M. Suganth of The Times of India rated the film 3 out of 5 and opined that Paayum Puli "lacks the tautness of Pandiya Naadu", but "packs in enough thrills to keep us glued to our seats". Kirubhakar Purushothaman of India Today rated it 2.5 out of 5 and wrote, "When the movie ends...you won't have much to complain about nor to praise. But, in future if someone says a film is like Paayum Puli, you will surely go to that film" and added that the film was "likely to become his (Suseenthiran) seventh medal in his collection of quality movies". Srivathsan Nadadhur of The Hindu wrote that Paayum Puli "revels in being an old fashioned product" and added, "Given the sincerity of its efforts and the honesty with which the director Suseenthiran leaves his inimitable stamp in a commercial exterior, it takes its own sweet time to register an impact, but when it does, the film's solidity shows up".

Sudhir Srinivasan of The Hindu wrote, "For a filmmaker who chose such an atypical beginning, why he goes on to take recourse in a super-typical love angle, only he will know.
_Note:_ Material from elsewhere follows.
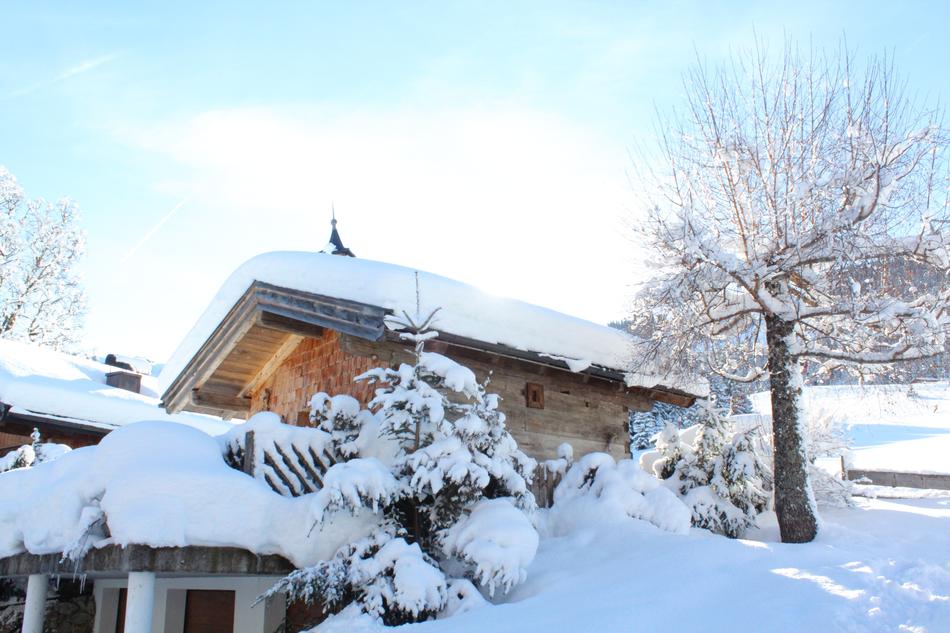amazing Snow House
And then, the twist comes, and you finally get something to be interested in when Jayaseelan finds himself in a cat-and-mouse game with I-can't-tell-you". He added, "Without these ugly distractions, the story would have been much more gripping, and Suseenthiran would’ve had a lot more time to dwell on the villain's descent into evil". Behindwoods gave the film 2.75 out of 5 stars and stated, "With a strong climax and a concrete closure to the story, Paayum Puli declares a clear statement". Criticising the pace of the first half and the characterisations, the reviewer wrote "Hero always getting to be the smartest, heroine being a docile, fun-loving person is all an age-old template. Etching characters with depth could have brought in impact to the narration". Karthik Keramalu of CNN-IBN gave the film 3 out of 5 stars and stated, "Paayum Puli finally ends up as a film you’re angry at because it could have gone up several scales but is okay with taking a seat somewhere in the middle". IANS gave the film 3 out of 5 stars and stated that Paayum Puli "sadly reduces itself to a police drama that fizzles out even before it starts to get impressive". IndiaGlitz gave the film 2.5 out of 5 stars as well and stated, "Suseenthiran has chosen an emotional action story about brothers on both sides of the law pitted against one another which could have had the audiences at the edge of their seats, but his own screenplay is contrived and lacks the grip that his other movies are famous for" and concluded that Paayum Puli is "worth watching for Vishal's action and Samuthirakani's acting".

Sify called Paayum Puli a "predictable concoction of a cop story mixed with brother sentiments and the usual commercial trappings of Tamil cinema" and opined that the romance between the lead pair "sticks out like a sore thumb". Latha Srinivasan, writing for Daily News and Analysis, rated the film 2.5 out of 5 and criticised the film's script and the romance between Vishal and Kajal in the film, calling it "extremely insipid and badly written". She concluded that the film can be watched only if the viewer was a fan of either Vishal or Samuthirakani. Anupama Subramaniam of Deccan Chronicle too gave the film 2.5 out of 5 stars and stated, "With plenty of action and criminals waiting to be apprehended, Paayum Puli is a pure entertainer, but a weak script will leave you wondering and wandering". S. Saraswathi of Rediff.com gave 2 out of 5 stars and stated that the film "lacks the subtlety, intrigue and clarity that we have come to associate with director Suseenthiran".

Velraj's cinematography is deft and Imam's music fits the bill. Vishal's performance leaves a strong impact. Watch him balance action and sentiment and carry them on his shoulders with ease. Samuthirikaran and Soori have a good amount of screenspace, the former more effective in delivering the goods as he gets a big share in the pie. Murli Sharma, Harish Utthaman, RK and others do their parts well. Jayasurya may be watched for Vishal's verve-filled performance.